[Short web captions]
Content starts

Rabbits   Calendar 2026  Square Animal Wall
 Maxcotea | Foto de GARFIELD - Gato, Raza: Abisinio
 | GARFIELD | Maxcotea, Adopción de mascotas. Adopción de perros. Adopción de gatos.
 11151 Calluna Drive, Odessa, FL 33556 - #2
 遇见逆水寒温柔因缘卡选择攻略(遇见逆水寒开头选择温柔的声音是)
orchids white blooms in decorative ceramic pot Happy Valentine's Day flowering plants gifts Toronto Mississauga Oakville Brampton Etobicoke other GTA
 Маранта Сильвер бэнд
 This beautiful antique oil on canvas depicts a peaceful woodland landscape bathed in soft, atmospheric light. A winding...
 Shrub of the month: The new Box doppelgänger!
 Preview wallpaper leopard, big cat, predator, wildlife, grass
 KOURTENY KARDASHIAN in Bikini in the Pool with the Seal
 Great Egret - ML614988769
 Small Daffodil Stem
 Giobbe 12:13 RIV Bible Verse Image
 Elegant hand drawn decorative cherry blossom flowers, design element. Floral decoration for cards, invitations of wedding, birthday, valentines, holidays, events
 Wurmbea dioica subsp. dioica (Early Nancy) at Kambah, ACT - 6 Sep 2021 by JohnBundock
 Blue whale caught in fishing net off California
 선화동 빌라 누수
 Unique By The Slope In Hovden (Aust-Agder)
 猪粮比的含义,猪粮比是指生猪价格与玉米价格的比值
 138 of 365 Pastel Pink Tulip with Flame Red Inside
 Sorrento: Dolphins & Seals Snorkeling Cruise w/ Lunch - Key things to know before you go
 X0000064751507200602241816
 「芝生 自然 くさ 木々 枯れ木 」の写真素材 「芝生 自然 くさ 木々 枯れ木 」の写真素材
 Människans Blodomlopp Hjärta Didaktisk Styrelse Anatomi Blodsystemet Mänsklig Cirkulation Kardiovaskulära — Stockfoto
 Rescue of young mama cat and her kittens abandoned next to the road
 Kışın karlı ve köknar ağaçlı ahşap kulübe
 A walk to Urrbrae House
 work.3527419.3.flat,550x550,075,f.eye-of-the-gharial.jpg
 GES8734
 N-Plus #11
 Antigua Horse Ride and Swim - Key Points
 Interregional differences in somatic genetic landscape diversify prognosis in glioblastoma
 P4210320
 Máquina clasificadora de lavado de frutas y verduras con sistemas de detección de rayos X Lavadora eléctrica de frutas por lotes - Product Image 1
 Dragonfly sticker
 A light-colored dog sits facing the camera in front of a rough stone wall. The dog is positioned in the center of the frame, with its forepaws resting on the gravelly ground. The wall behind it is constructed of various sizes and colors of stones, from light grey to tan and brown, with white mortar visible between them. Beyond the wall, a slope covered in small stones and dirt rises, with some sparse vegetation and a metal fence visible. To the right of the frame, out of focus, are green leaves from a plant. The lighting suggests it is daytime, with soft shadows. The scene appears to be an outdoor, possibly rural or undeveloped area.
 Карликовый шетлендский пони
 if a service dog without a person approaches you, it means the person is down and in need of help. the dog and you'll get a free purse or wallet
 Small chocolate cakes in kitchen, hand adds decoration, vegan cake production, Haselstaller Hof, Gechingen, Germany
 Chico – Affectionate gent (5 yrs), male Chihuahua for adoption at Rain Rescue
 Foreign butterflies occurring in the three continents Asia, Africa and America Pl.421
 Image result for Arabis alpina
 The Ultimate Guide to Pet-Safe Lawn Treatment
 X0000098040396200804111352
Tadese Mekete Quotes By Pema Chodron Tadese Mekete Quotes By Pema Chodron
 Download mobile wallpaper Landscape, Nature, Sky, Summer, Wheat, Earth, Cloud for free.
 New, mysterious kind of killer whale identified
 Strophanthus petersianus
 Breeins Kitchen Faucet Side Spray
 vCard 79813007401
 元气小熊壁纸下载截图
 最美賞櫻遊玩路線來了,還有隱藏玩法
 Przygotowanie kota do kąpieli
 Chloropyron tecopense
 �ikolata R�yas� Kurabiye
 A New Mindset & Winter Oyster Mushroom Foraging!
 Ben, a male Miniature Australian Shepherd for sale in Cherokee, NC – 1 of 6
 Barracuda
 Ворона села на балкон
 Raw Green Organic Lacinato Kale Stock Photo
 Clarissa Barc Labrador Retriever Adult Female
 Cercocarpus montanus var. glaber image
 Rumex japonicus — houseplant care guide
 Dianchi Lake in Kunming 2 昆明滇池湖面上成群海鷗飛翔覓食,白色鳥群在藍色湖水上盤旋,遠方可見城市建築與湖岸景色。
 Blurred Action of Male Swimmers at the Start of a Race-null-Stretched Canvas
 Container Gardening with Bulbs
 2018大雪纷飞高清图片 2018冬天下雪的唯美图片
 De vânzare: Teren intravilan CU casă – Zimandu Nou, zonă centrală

Content ends

> Instructions to follow:
Copy every line from the records that holds the string "light".

> Result:
 This beautiful antique oil on canvas depicts a peaceful woodland landscape bathed in soft, atmospheric light. A winding...
 A light-colored dog sits facing the camera in front of a rough stone wall. The dog is positioned in the center of the frame, with its forepaws resting on the gravelly ground. The wall behind it is constructed of various sizes and colors of stones, from light grey to tan and brown, with white mortar visible between them. Beyond the wall, a slope covered in small stones and dirt rises, with some sparse vegetation and a metal fence visible. To the right of the frame, out of focus, are green leaves from a plant. The lighting suggests it is daytime, with soft shadows. The scene appears to be an outdoor, possibly rural or undeveloped area.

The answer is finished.